Let me first underline that I saw in this debate, of course, different positions, some criticisms, some comments, but I think I can see, at least from the most relevant pro-European forces a strong support for the agenda that I have put forward. An agenda that combines ambition with realism. Ambition is very important, but so it is the way to deliver on that ambition. Ambitions without results are simply good intentions. And sometimes I have the impression that in Europe we are full of good intentions, but not enough results.
This is why we need to have this vision, vision of a medium term, longer term European Union that is a federal path and I hope we do not engage now in semantic discussions about exactly how to qualify it, it is a federal path and this is ambition, but at the same time, we need to respond to issues that are extremely serious and urgent now, even before we get the necessary, in some cases, revision of the current treaties.

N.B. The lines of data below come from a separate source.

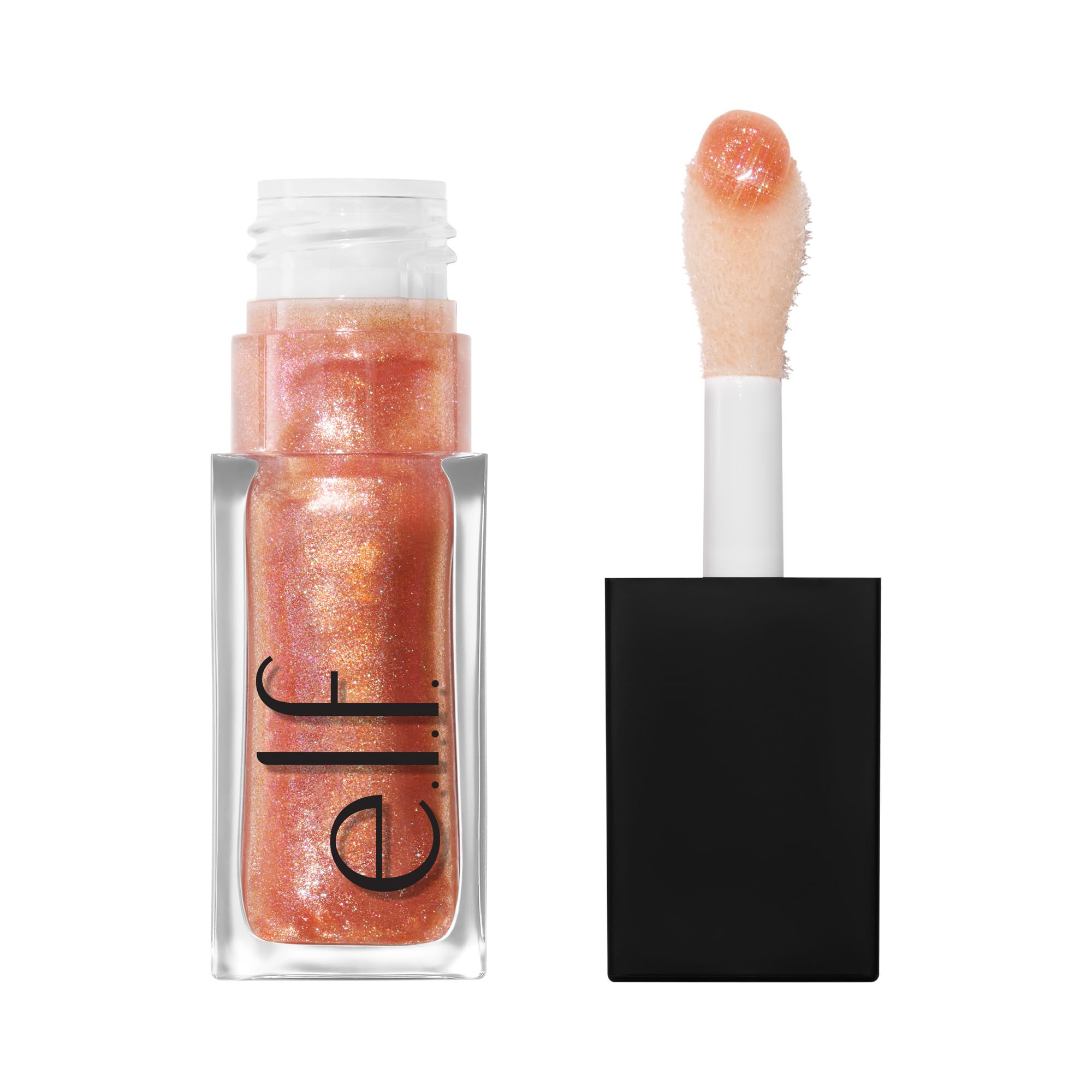 e.l.f. Glow Reviver Plumping Lip Oil, getöntes Lippenöl mit aufpolsternder Wirkung und Hochglanz-Finish, mit Jojobaöl, vegan und tierversuchsfrei, Apricot Feelings
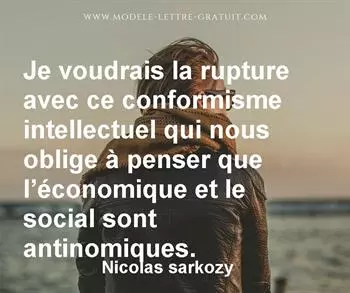 Citation de Nicolas sarkozy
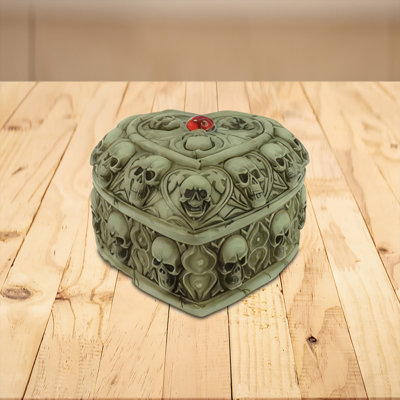 Boîte à bijoux en forme de cœur l 3,25 po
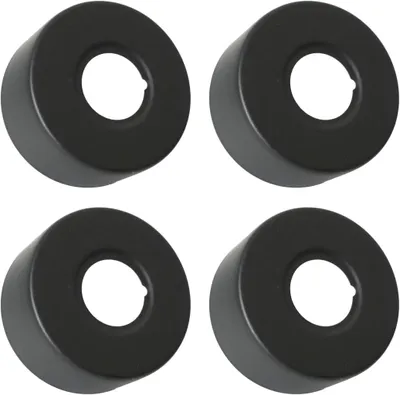 Produktbild von Rosetten Fš¹r Duscharmaturen 3/4" 25mm x 66mm x 30mm in H?he 4tlg, Rosette Wasserhahn Innenhahn ? 26mm, Rosetten Fš¹r Armaturen Duscharmatur Silber (Schwarz, ? 66 mm x 30 mm)
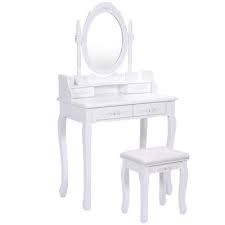 Makeup Vanity Set Makeup Vanities Bedroom Furniture The Home Depot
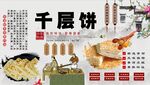 千层饼背景墙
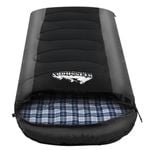 Weisshorn Sleeping Bag Camping Hiking Tent Winter Thermal Comfort 0 Degree Black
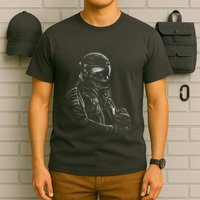 Motorcycle Biker Sketch T-Shirt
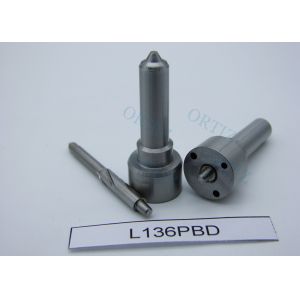 High Speed Auto Spare Parts , Silver Color Diesel Injector Nozzle L136PBD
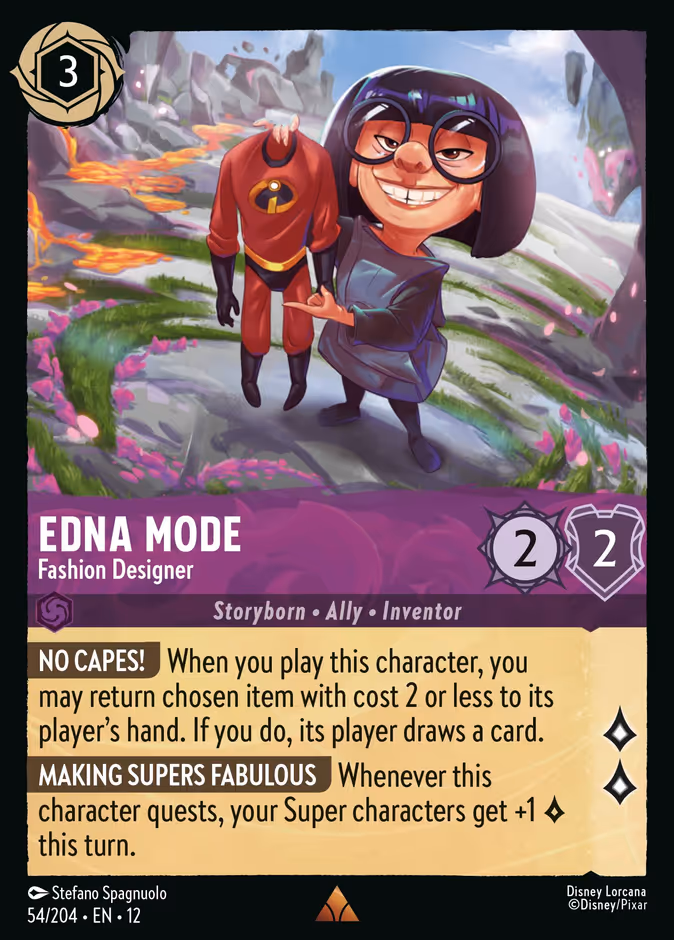 Carta Edna Mode · Fashion Designer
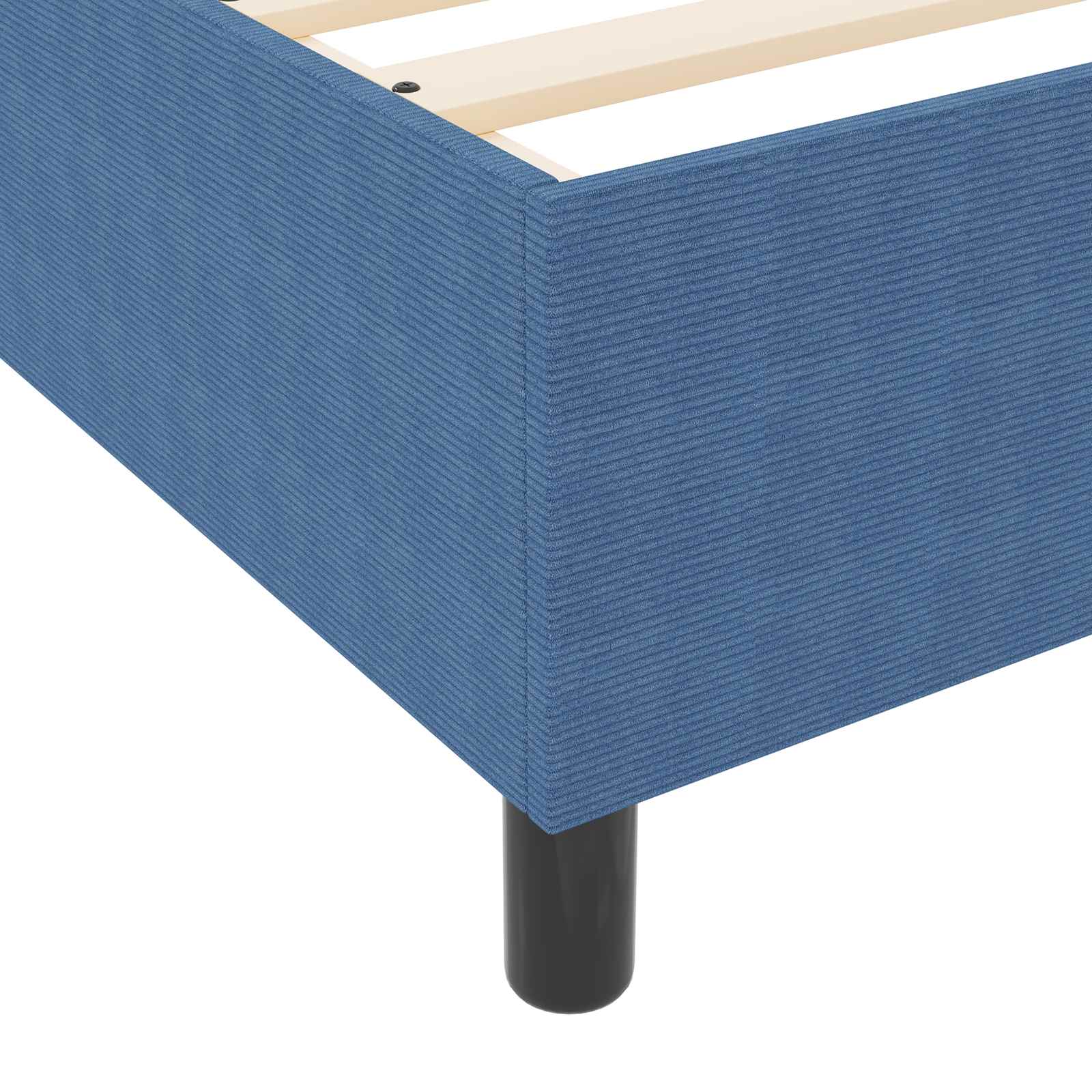 Plattformbettgestell Blau 140 x 190 cm Cordstoff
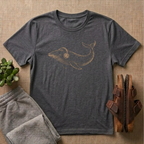 Whale Listening To Music T-Shirt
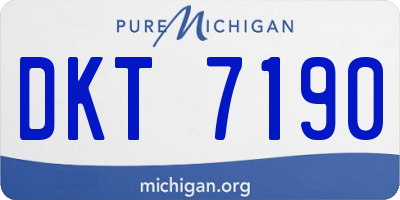 MI license plate DKT7190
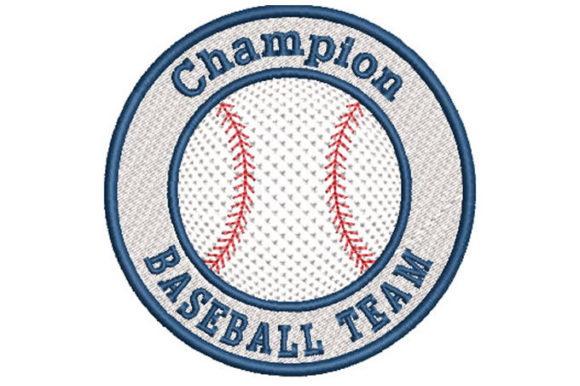 A Baseball Team Embroidery Design for Personalized Sports Gifts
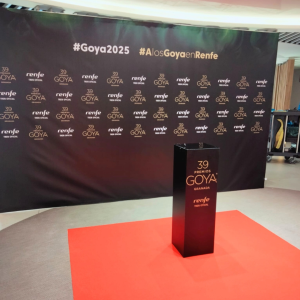 Materiales de RENFE para los Goya 2025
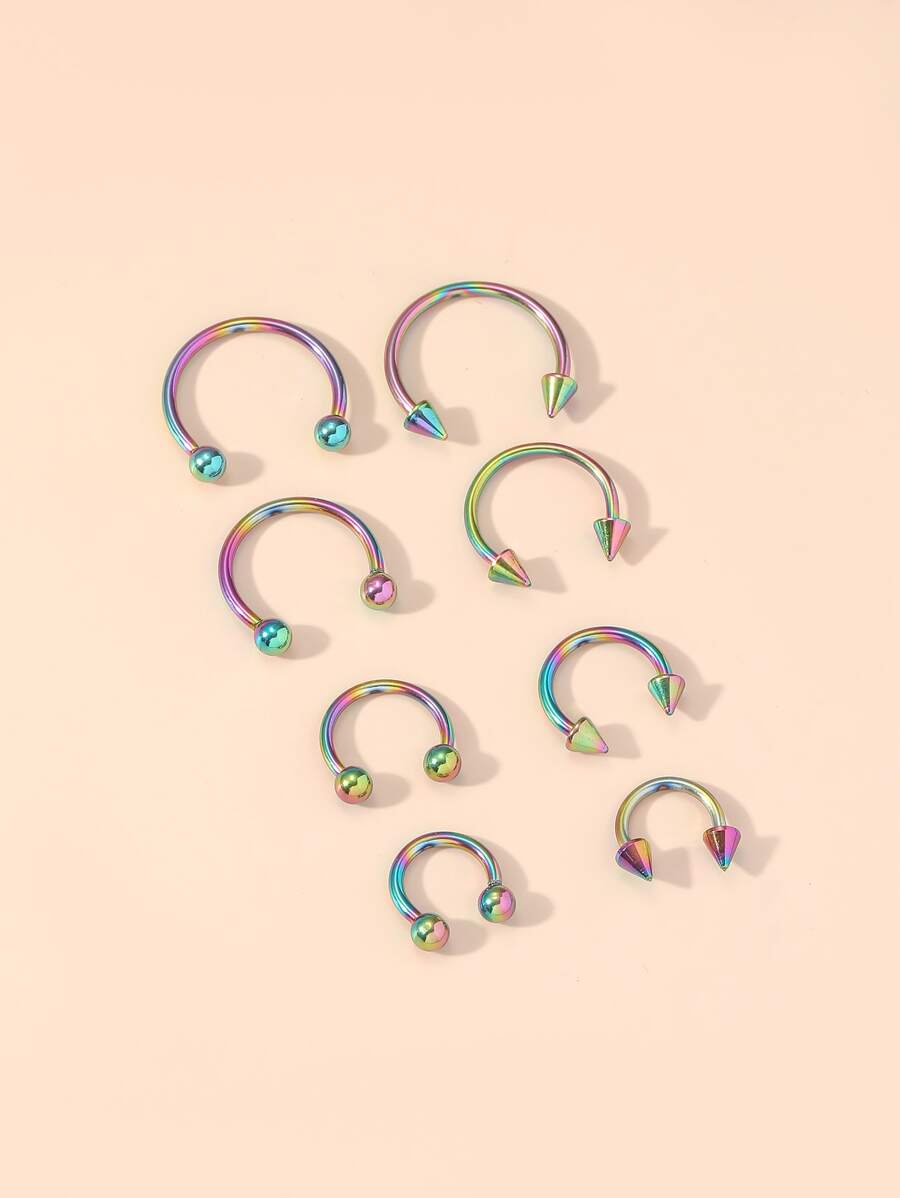 8 件/16 件/10 件不锈钢 C 形鼻环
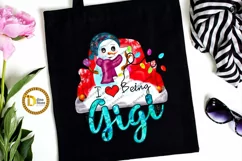 I Love Being GiGi | Cute Christmas Sublimation PNG Product Image 2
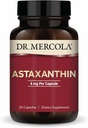 Dr Mercola Astaxanthine biologique - 4 mg Astaxanthine - Support puissant antioxydant - Extrait de microalgues organiques - Non-OGM, sans gluten et sans soja - 30 capsules (30 portions)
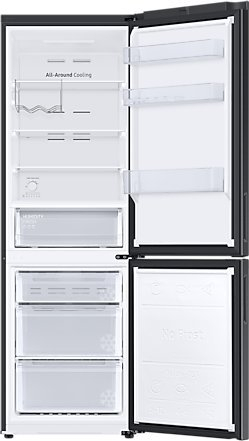 Frigorifer Samsung RB33B612FBN/EF, ngrirës poshtë, No Frost, ngjyrë e zezë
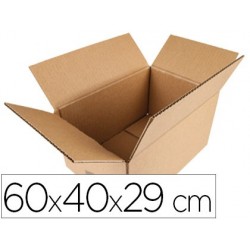Boîte carton q-connect américaine 600x400x290mm pliable 4...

So this is our way and this is the way the Commission will pursue with determination. This is the only realistic way to achieve progress in Europe. And those that pretend that the status quo is enough or those that pretend that tomorrow there will be all things changing are not in fact serious about what has to be done for Europe.
I don't resist to recall something that a predecessor of mine, Jacques Delors, one day told me. He said it in French, it was a good advice: "Méfie-toi des excités". Beware of the very excited.
We need to have an ambition, but at the same time, to do every step with our feet on the ground. And not forgetting one thing: that we are accountable to the European citizens and we have to have them with us. That is why one of the most important messages I believe brought you today, was how we can complete the European democracy. What we can do, not against our countries, because our countries, they remain the most important political reference for most of our citizens. But what we can do with our countries to show that they will count in world only if they accept a much stronger union. That on their own alone they will not have the leverage or the capacity to discuss on an equal footing with Americans, or Chinese, or other powers, but that together in Europe, yes, we can do it and we can make a difference. That is exactly the message I brought here today. A message of working with our countries, yes, but not for the sake of nationalism, precisely to win the battle against the nationalists or the extreme populists, to have a democratic federation of countries, of course federation of citizens, a union for the citizens of Europe. This is the message I brought you today and this is the only way to go forward if we want to achieve results.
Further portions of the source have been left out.